* [Work required] Reproduce the records below exactly, leaving out any pictures.

* [Exercise material]
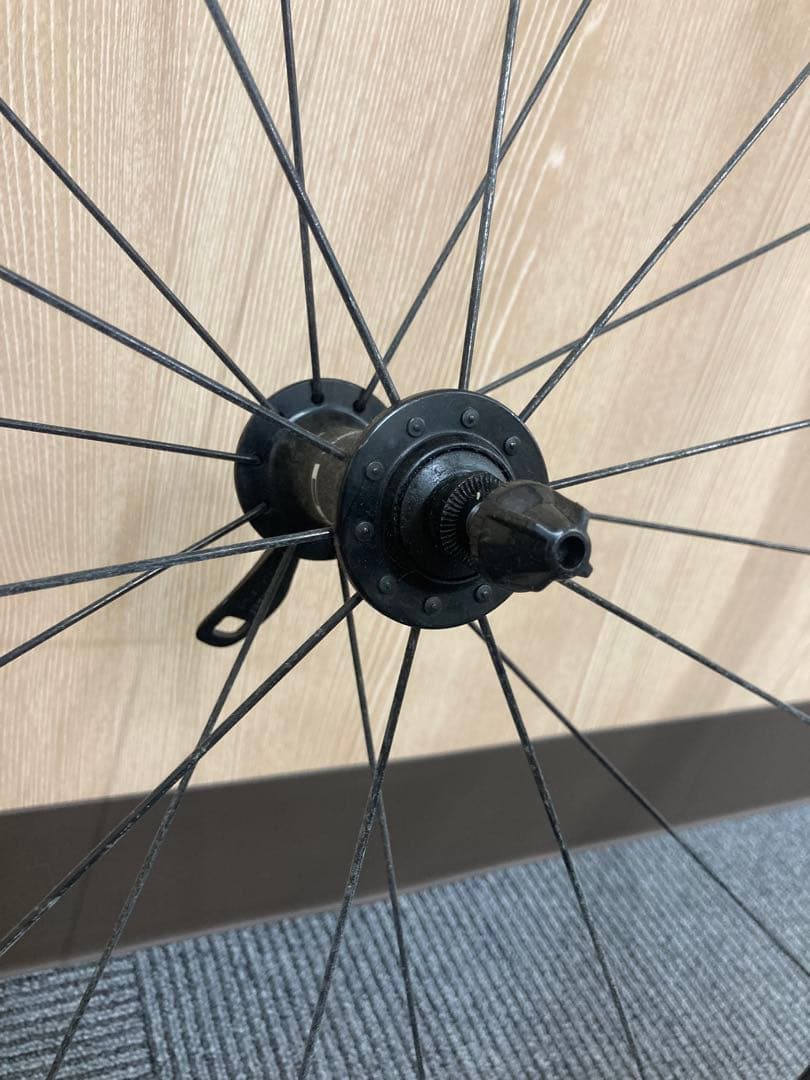 【美品】SHIMANO シマノ 前後ホイールWH-R501 シュワルベタイヤ付⭐︎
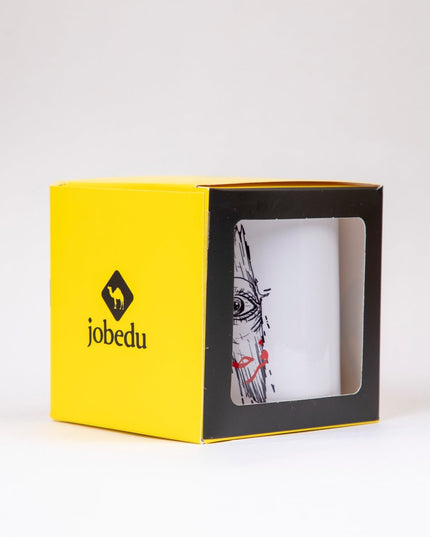 Farha Eye | Mug - Accessories - Mugs - Jobedu Jordan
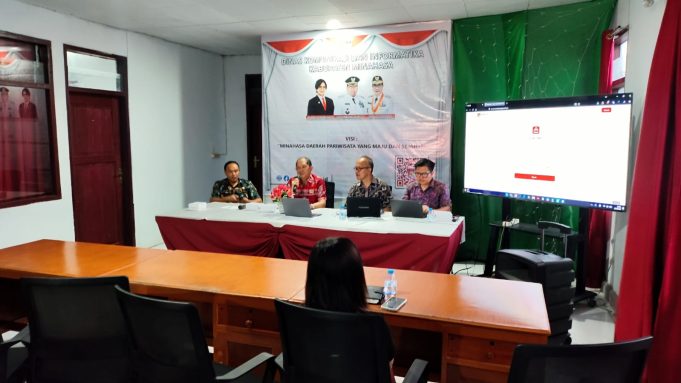 Diskominfo Minahasa Gelar Rakor SPBE, Dorong Transformasi Digital untuk Pelayanan Publik yang Cepat dan Akuntabel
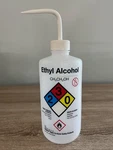 Thermo Scientific - Ethyl Alcohol, Nalgene Narrow Mouth Ldpe Wash Bottles, 500ML. Fixed Price $14.99.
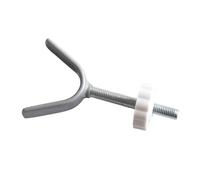 Set di 2 barre per mandrini a Y per cancello per bambini e animali domestici, facile installazione, montaggio a vite e bullone, facile installazione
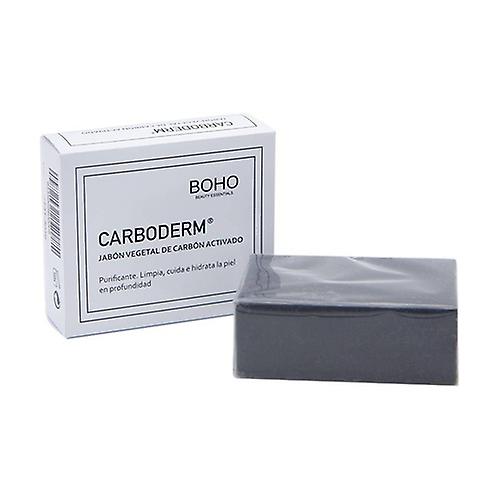 Carboderm activated charcoal purifying soap 100 g
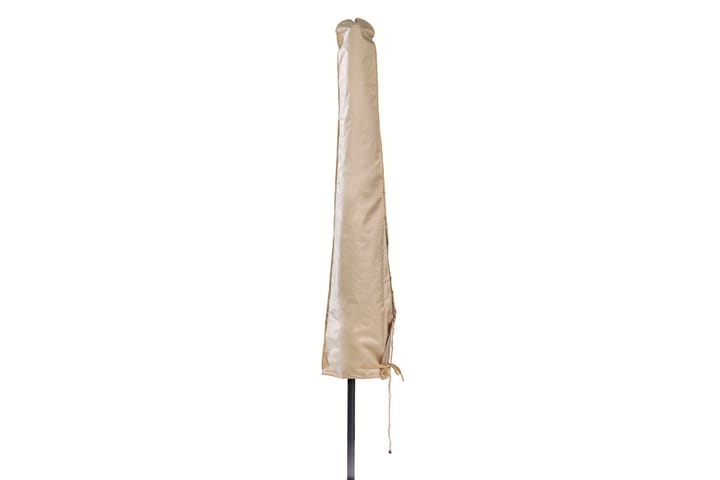 Parasollskydd 300-350 cm Beige - Grå|Beige - Utemöbler & utemiljö - Solskydd - Parasoll
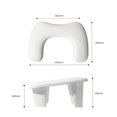 thumbnail image 3 of Coussin de Manucure Repose-Ongles Coussin Appui-Bras en Forme de U Support de Manucure pour Ongles, 3 of 8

* [Task answer]
 【美品】SHIMANO シマノ 前後ホイールWH-R501 シュワルベタイヤ付⭐︎
 Farha Eye | Mug - Accessories - Mugs - Jobedu Jordan
 Diskominfo Minahasa Gelar Rakor SPBE, Dorong Transformasi Digital untuk Pelayanan Publik yang Cepat dan Akuntabel
 Thermo Scientific - Ethyl Alcohol, Nalgene Narrow Mouth Ldpe Wash Bottles, 500ML. Fixed Price $14.99.
 Set di 2 barre per mandrini a Y per cancello per bambini e animali domestici, facile installazione, montaggio a vite e bullone, facile installazione
 Carboderm activated charcoal purifying soap 100 g
 Parasollskydd 300-350 cm Beige - Grå|Beige - Utemöbler & utemiljö - Solskydd - Parasoll
 thumbnail image 3 of Coussin de Manucure Repose-Ongles Coussin Appui-Bras en Forme de U Support de Manucure pour Ongles, 3 of 8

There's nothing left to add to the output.